**Your goal:**
For the entries below, the result should be an exact transcription of the lines from the one with "Earl Thomas III" up to and including the one with "Haya Handblock Cotton", and only those.

§ §

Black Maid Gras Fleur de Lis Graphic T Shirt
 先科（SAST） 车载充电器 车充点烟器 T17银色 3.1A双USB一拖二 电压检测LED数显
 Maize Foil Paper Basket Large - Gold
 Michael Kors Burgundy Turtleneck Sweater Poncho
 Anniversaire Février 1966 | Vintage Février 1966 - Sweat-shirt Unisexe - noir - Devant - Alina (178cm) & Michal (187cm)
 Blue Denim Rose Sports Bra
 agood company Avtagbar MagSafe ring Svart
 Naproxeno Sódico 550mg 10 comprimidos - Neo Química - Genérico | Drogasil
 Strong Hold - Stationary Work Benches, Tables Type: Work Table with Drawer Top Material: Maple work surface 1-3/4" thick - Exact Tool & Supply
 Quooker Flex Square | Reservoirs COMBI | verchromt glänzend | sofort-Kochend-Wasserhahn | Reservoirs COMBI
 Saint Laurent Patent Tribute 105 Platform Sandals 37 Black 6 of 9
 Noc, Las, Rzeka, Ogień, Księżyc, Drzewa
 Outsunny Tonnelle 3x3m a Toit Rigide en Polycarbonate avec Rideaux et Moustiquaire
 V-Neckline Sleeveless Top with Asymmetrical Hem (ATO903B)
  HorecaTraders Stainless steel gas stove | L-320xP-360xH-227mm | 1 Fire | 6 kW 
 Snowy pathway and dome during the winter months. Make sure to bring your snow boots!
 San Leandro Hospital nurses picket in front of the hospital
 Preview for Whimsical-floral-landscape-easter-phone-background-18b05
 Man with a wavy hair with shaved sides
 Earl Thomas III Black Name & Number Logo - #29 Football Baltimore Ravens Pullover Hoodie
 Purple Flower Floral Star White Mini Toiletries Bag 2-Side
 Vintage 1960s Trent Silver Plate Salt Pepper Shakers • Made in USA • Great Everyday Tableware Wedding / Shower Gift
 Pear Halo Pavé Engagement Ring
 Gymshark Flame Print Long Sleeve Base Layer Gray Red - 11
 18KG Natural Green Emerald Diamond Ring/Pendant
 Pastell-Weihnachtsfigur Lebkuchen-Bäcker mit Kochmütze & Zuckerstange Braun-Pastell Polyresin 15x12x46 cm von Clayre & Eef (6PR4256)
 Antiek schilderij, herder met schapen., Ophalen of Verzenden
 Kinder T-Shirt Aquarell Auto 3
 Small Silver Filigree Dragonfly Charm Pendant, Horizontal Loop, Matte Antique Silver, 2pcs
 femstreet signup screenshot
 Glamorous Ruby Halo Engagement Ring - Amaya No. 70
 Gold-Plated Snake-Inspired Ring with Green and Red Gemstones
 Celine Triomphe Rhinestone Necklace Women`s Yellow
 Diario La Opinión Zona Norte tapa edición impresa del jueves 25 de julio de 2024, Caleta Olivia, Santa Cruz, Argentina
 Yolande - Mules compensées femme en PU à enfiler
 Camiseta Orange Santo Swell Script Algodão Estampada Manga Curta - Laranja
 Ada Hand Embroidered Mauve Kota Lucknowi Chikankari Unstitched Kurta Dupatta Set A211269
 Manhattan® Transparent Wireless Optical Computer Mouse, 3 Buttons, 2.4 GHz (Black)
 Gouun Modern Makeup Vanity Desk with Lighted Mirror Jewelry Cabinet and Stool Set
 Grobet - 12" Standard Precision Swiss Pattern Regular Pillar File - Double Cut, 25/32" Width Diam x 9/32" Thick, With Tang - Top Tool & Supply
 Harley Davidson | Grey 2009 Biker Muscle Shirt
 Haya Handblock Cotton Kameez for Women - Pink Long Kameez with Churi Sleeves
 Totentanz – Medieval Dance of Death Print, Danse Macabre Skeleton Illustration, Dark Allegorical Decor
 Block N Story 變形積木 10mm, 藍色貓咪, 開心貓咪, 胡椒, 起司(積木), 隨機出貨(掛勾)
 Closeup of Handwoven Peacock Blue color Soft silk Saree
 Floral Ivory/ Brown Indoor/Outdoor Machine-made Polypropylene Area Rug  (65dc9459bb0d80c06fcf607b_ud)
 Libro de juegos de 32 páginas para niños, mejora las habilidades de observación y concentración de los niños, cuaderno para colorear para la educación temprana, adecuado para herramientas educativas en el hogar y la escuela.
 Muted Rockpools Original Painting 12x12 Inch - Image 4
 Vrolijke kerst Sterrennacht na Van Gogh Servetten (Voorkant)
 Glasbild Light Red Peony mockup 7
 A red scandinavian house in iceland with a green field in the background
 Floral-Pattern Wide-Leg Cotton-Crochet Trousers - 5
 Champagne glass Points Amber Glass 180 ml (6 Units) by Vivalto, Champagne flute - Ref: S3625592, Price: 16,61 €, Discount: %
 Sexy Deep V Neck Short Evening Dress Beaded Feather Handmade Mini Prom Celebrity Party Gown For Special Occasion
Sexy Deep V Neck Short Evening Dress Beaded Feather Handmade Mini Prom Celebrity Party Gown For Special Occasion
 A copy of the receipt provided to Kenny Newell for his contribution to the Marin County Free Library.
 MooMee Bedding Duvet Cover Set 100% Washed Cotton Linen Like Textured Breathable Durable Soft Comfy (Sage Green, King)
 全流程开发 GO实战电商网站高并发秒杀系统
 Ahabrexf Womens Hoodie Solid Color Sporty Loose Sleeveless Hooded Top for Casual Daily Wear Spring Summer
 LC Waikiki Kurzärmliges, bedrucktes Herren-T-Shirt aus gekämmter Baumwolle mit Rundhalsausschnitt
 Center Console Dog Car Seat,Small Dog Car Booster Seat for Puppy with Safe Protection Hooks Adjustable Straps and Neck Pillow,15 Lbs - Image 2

§ §

**Exercise answer:**
 Earl Thomas III Black Name & Number Logo - #29 Football Baltimore Ravens Pullover Hoodie
 Purple Flower Floral Star White Mini Toiletries Bag 2-Side
 Vintage 1960s Trent Silver Plate Salt Pepper Shakers • Made in USA • Great Everyday Tableware Wedding / Shower Gift
 Pear Halo Pavé Engagement Ring
 Gymshark Flame Print Long Sleeve Base Layer Gray Red - 11
 18KG Natural Green Emerald Diamond Ring/Pendant
 Pastell-Weihnachtsfigur Lebkuchen-Bäcker mit Kochmütze & Zuckerstange Braun-Pastell Polyresin 15x12x46 cm von Clayre & Eef (6PR4256)
 Antiek schilderij, herder met schapen., Ophalen of Verzenden
 Kinder T-Shirt Aquarell Auto 3
 Small Silver Filigree Dragonfly Charm Pendant, Horizontal Loop, Matte Antique Silver, 2pcs
 femstreet signup screenshot
 Glamorous Ruby Halo Engagement Ring - Amaya No. 70
 Gold-Plated Snake-Inspired Ring with Green and Red Gemstones
 Celine Triomphe Rhinestone Necklace Women`s Yellow
 Diario La Opinión Zona Norte tapa edición impresa del jueves 25 de julio de 2024, Caleta Olivia, Santa Cruz, Argentina
 Yolande - Mules compensées femme en PU à enfiler
 Camiseta Orange Santo Swell Script Algodão Estampada Manga Curta - Laranja
 Ada Hand Embroidered Mauve Kota Lucknowi Chikankari Unstitched Kurta Dupatta Set A211269
 Manhattan® Transparent Wireless Optical Computer Mouse, 3 Buttons, 2.4 GHz (Black)
 Gouun Modern Makeup Vanity Desk with Lighted Mirror Jewelry Cabinet and Stool Set
 Grobet - 12" Standard Precision Swiss Pattern Regular Pillar File - Double Cut, 25/32" Width Diam x 9/32" Thick, With Tang - Top Tool & Supply
 Harley Davidson | Grey 2009 Biker Muscle Shirt
 Haya Handblock Cotton Kameez for Women - Pink Long Kameez with Churi Sleeves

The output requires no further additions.